There's a good chart here: https://en.wikipedia.org/wiki/Xcode#Version_comparison_table  that shows which XCode will run on which macos and more importantly produce proper binaries for. So you'd want XCode 7.2 or 7.3. Worse, you'll have figure out which command line tools to download as well and have that match, which is yet another annoyance to deal with.

It's possible, for example, to get a new XCode that happily runs on 10.11 but only has the 10.12 SDK and doesn't build binaries for 10.11.
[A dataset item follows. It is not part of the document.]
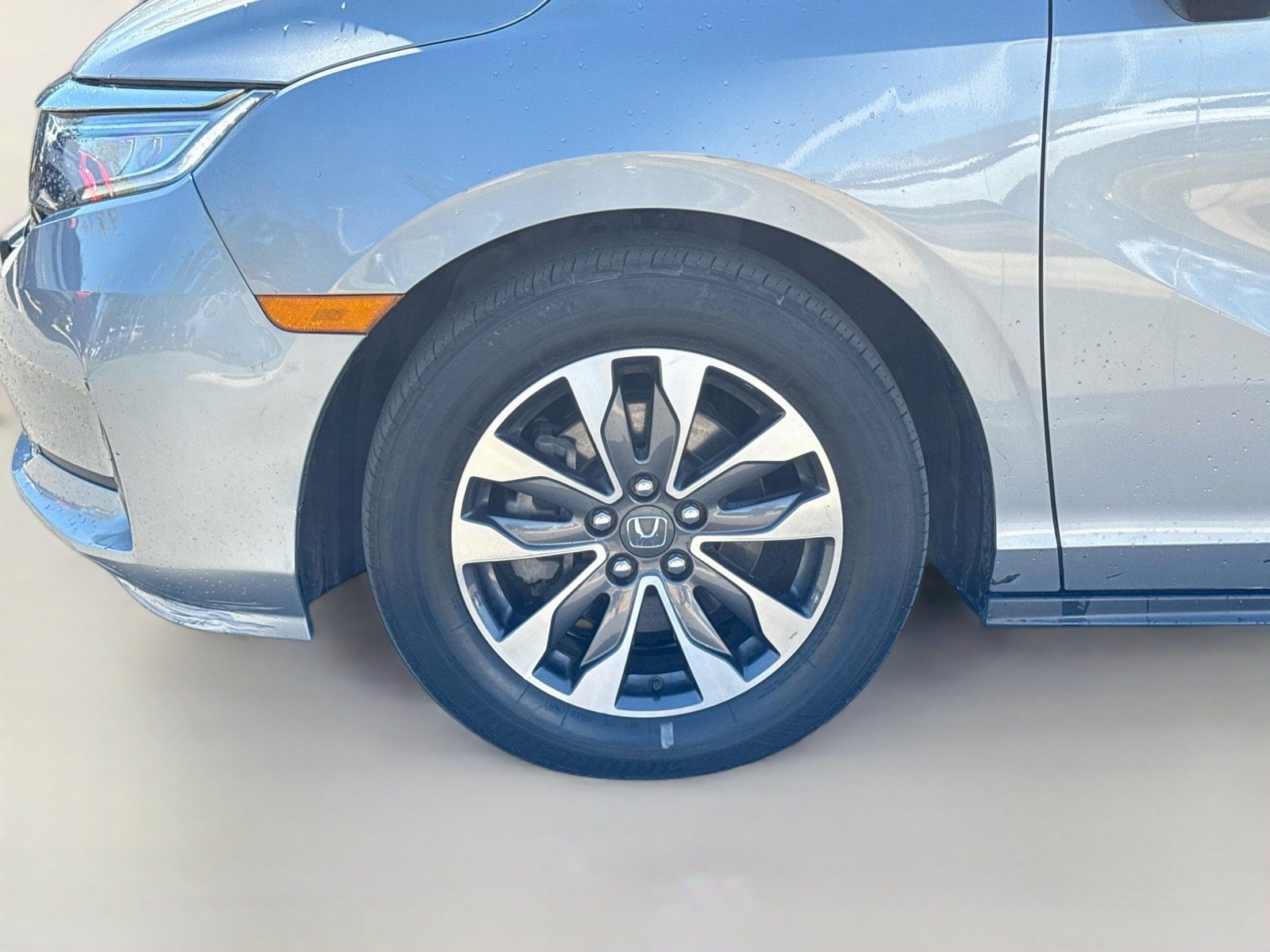 Used 2023 Honda Odyssey EX-L image 33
In practice the binaries will most likely still work, but you'll get warnings on linking as you saw.

Al Kossow:
it would be nice if you could explicitly add which libiconv lisaem is expecting
anyone using macports is going to trip over this

rayarachelian:

--- Quote from: Al Kossow on June 09, 2020, 11:12:42 am ---it would be nice if you could explicitly add which libiconv lisaem is expecting
anyone using macports is going to trip over this

--- End quote ---

I'm not directly using any iconv, I'm using wxWidgets, which in turn will make calls against whatever libiconv its configure script decided to link against. That decision shouldn't be changed between compiling wxWidgets and LisaEm, but I can't control for that. That's the point of a cross platform GUI framework and statically linking it - not having to specify such things. I'm expecting a mostly vanilla os, though yes, on elder macos such as 10.5-10.7 I do use ports and on newer ones I use brew - but this is mostly for updating tools, and less for libs to be used by LisaEm.

Infact, I go out of my way to specify builtin in the wxWidgets scripts for things like png, jpg, tiff, etc. just to avoid such situations. It's not that my system doesn't have libjpg or whatever, but more I don't want have to depend on that version when distributing binaries.
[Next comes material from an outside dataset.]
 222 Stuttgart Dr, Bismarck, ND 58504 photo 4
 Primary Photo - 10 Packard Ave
Since you're building for yourself, it doesn't matter if it's static or dynamic wxWdigets, but then that copy of LisaEm can't be moved to another system that has a different setup.
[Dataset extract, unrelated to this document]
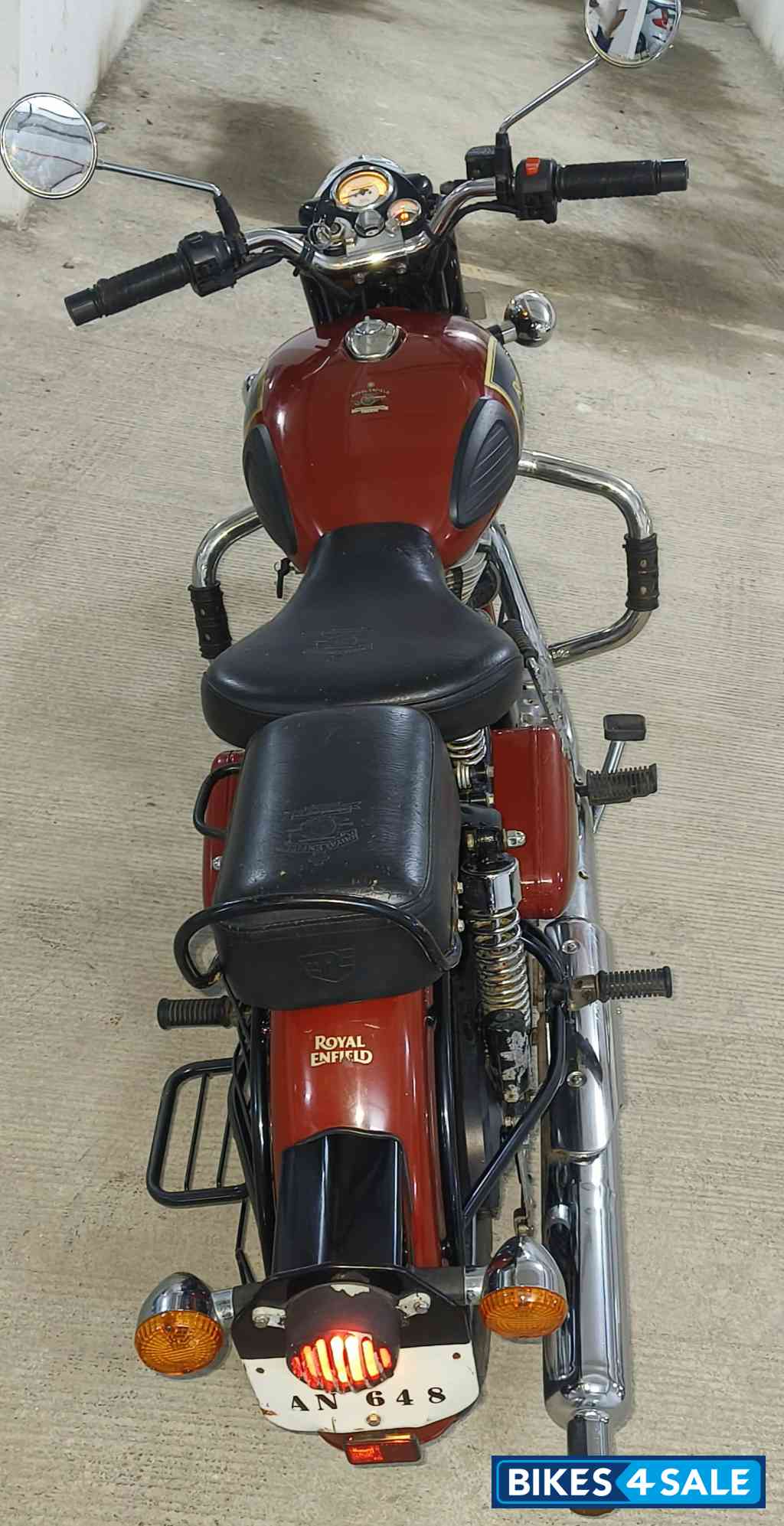 Chestnut Royal Enfield Classic 350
In your case, I think the issue is that wxWidget's configure decided to pick up a specific libiconv that LisaEm's build script did not see or have in it's library path, causing the issue, or somehow wx-config did not pass the appropriate -L -l flags which then build.sh passed to gcc/ld. Possibly because port inserts its own paths first, etc., and I'm sure brew does things like that too.

You can fix this by forcing wxWidgets to use a specific iconv like so by changing the script/build-wx3.1.2-modern-macos.sh to pass these:

../configure --help | grep -i iconv
  --with-libiconv         use libiconv (character conversion)
  --with-libiconv-prefix=DIR  search for libiconv in DIR/include and DIR/lib

And hopefully wx-config --libs might then give the right libs and fix the issue.

I can add those in the next push/rc, but I'll first have to ensure they work on all systems - or insert logic  to detect which to use, which is painful.

There's some discussion here: https://wiki.wxwidgets.org/Distributing_WxWidgets_Applications-Distributing_WxMac_Programs - (but this is from a very old wxWidgets version in that discussion as unicode is now mandated in wx3.x, but he runs into the same kind of issues.)

rayarachelian:
Looks like all macosx'en have this path: /usr/lib/libiconv.2.dylib so hopefully that will do the trick.